Therefore, the relaxation in visa facilities, limited no doubt, may be a small step in the long haul to a visa-less environment but it is, indeed, a positive development. “I promise you a borderless regime,” the late Benazir Bhutto told me a few days before she left London for Pakistan. I am sure she would have tried her best if she had lived but ultimately she would have been defeated by the intelligence agencies which still rule the roost.

The intelligence agencies on both sides have seen to it that the visa possessors follow the same old humiliating process of reporting at a police station in the midst of jibes and threatening postures. It is apparent that there is no change in their attitude of suspicion and hostility. Several visitors may still be happy because the choice before them has either been a visa or no visa. I believe that senior citizens above the age of 65, who will get visa on arrival, will be exempt from police report. And so will be children below the age of 12.

Yet the most important point that the Indian Foreign Minister and his counterpart have missed is how to deal with terrorism which is on the rise in both the countries. Who is more to blame or who started it first does not help at this time because the Frankenstein of a monster is on the prowl. Instead of reviving the Joint Commission for cooperation in various fields, the two countries would have done better to underline the serious proportions which terrorism has assumed. For this, a Joint Commission on Terrorism alone—pooling of intelligence and fighting against terrorists together—would have given a stern message to the trouble-makers.

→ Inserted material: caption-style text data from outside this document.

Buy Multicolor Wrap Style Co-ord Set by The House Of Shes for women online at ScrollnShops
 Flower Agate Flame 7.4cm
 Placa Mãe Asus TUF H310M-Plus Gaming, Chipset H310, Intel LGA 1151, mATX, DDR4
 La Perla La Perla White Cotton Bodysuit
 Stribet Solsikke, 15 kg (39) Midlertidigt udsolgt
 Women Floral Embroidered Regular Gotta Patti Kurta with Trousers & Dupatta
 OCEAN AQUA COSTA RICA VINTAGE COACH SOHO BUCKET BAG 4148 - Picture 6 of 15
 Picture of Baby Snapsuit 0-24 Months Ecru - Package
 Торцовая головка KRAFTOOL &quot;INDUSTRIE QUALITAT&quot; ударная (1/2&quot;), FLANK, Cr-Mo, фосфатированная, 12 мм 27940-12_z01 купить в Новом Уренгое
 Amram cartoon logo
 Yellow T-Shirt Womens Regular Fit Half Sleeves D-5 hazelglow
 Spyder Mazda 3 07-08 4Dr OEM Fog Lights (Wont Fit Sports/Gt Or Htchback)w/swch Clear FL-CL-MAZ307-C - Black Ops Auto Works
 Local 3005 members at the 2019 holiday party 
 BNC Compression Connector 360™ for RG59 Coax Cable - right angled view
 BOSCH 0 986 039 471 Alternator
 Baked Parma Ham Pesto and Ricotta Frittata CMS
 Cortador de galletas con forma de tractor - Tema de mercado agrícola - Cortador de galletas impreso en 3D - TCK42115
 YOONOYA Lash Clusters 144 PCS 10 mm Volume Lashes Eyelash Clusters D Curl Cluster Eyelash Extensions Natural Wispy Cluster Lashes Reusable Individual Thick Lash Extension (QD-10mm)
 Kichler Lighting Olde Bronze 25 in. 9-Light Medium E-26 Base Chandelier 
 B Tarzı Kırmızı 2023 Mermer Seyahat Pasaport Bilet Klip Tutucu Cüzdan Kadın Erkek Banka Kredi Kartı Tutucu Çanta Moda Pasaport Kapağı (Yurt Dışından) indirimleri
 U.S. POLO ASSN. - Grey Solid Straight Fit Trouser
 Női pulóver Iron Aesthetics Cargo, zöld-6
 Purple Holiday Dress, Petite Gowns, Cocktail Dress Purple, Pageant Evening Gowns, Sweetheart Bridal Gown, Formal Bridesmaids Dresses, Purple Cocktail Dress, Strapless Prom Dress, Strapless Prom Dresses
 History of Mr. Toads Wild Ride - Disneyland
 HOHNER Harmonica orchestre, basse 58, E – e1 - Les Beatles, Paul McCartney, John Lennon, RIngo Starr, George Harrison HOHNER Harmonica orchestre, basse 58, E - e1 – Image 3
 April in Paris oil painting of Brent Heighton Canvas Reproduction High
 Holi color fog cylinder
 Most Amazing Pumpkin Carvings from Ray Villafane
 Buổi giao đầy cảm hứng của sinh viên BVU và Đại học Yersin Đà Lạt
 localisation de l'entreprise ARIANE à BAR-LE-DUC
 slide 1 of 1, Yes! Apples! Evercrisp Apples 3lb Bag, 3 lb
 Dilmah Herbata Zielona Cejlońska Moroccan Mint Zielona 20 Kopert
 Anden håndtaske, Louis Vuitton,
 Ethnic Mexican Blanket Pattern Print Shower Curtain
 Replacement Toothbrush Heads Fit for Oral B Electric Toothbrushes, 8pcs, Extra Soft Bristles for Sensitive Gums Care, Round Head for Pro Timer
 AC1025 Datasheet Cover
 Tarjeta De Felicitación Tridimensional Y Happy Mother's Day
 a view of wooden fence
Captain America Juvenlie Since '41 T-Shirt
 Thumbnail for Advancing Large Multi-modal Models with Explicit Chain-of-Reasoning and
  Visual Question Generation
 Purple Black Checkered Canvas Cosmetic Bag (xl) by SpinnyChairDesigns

That no such machinery was ever proposed is enough of a proof of the yawning differences over the 26/11 attacks in Mumbai. Krishna wanted the perpetrators to be brought to book quickly to soothe the hurt of the people in Maharashtra and elsewhere in India. Hina appa-rently had her own compulsions and merely said: “We will not brood over divergences.” My feeling is that the punishment of the culprits, especially Hafeez Sayed, the LeT chief, is a litmus test for India to judge Pakistan’s earnestness.

Once the Pakistan Judicial Commission revisits Mumbai to cross-examine witnesses of 26/11 attacks, the cases should move quickly. Islama-bad should be seen to be keen to punish the guilty because the visit of Prime Minister Manmohan Singh to Pakistan, rightly or wrongly, has got linked to the outcome of the 26/11 cases in the Pakistani courts. Krishna, more or less, said so when he was asked by even President Zardari how soon would the Indian Prime Minister come to his village near Jhelum in Pakistan.

The positive side of the meeting far excels the negative. Things would have proceeded faster but for the lack of preparations on the part of New Delhi. My information is that India’s Foreign Office did not know how far Islamabad was willing to accommodate us. Pakistan Army Chief Ashfaq Parvez Kayani had given the Zardari Government, more or less, a carte blanche because Kayani wants to fight against the Taliban single-mindedly. He has even with-drawn troops from the Indian border to put them on the Waziristan front. India realises that it indicates Kayani’s confidence in normalising relations with New Delhi. This was the best opportunity which we should have grabbed with both hands to reach an agreement on Sir Creek which Islamabad was ready to sign. One thing would have led to another.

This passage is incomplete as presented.